Our first instinct was full tenant isolation. We ran three worker pools: shared, per-tenant overflow, and dedicated (we’ll set dedicated aside for this post). Each customer was allocated fixed capacity in the warm shared pool. For every submitted job, we’d send it to the shared pool’s queue if that org had capacity available, and to the cold per-tenant queue if it didn’t, so a job’s fate was decided at submission time. This protected the shared pool, but it also dumped jobs onto a potentially cold queue with highly variable start times. And by the time a per-tenant pool warmed up, the burst was usually over, leaving idle workers to spin back down.
The deeper we looked, the clearer it got. Full isolation was both increasing our customers’ latency and wasting compute, and our existing orchestration primitives weren’t built to express the scheduling policies we actually wanted.

What we actually wanted
Fixed per-customer capacity is the wrong primitive for an autoscaling fleet. If the fleet can grow, then “how much should this customer be allowed to run right now?” isn’t a constant. It’s a function of the live fleet and the customer’s recent behavior.

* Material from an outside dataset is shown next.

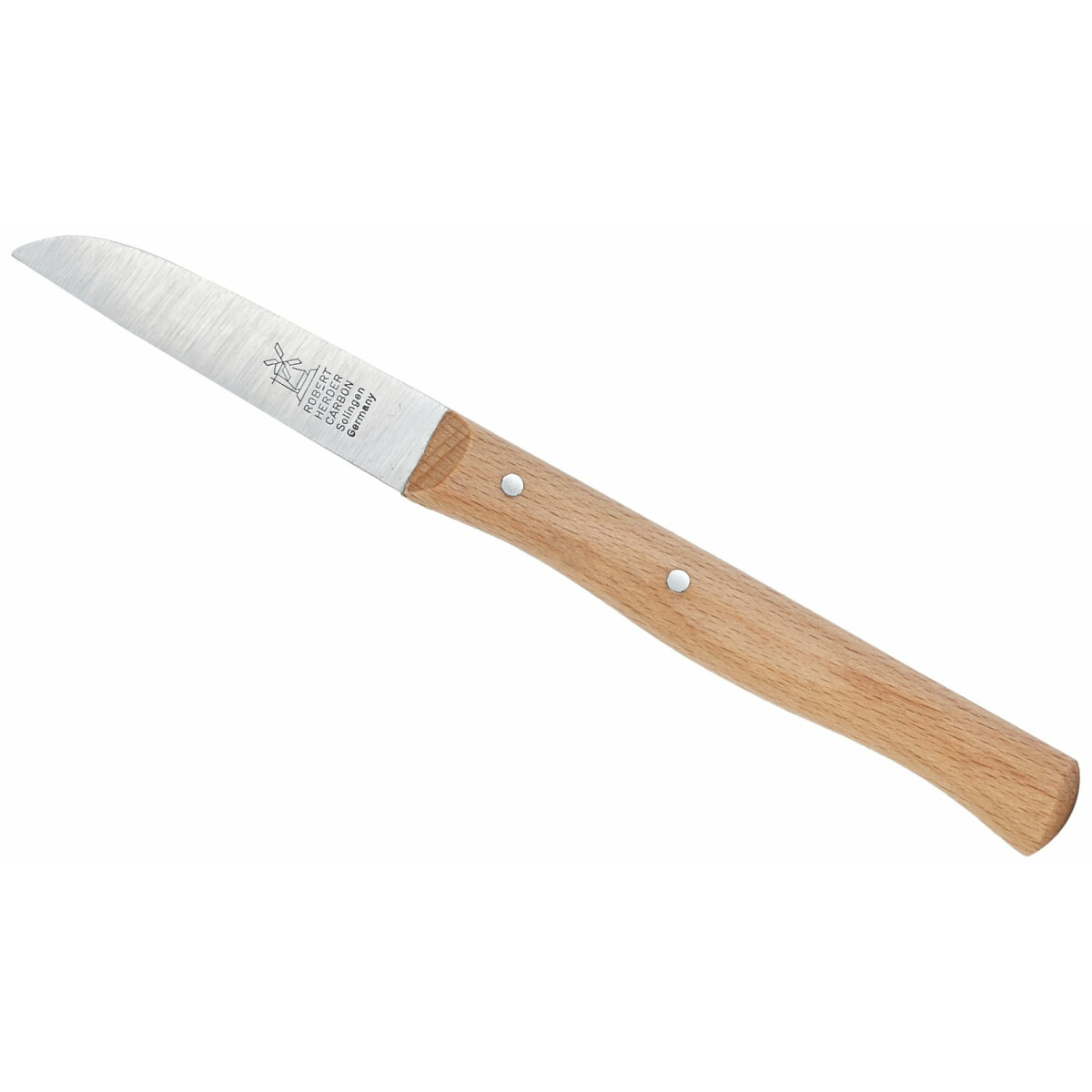 WINDMÜHLEN Gemüsemesser 65mm, Nicht rostfrei, Holz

What we wanted, per customer, was simple to say out loud:
- a guaranteed floor of capacity they can always count on,
- a ceiling that rises when the fleet has room to spare and tightens when it’s saturated,
- and the property that when we’re compute-constrained, the spiky customers get throttled first while steady ones are left alone.

So we adopted a small task queue we could make our own
We looked at heavier workflow systems, including Temporal. They’re all very powerful, but were difficult for us to adopt: they’re complex systems hard to maintain for on-prem deployments and often add more overhead than we wanted.
Instead we adopted streaq, a small open source async task queue built on Redis. We picked it precisely because it was simple: a clean core small enough that we were confident we could shape it into what we needed. So we vendored it and modified it heavily, while holding a hard line: streaq stays a clean, standalone library with no business logic in it. All of our scheduling and traffic-management policy lives in our code, on top of the primitives the library gives us. That separation has helped us keep our code clean, maintainable, and highly performant.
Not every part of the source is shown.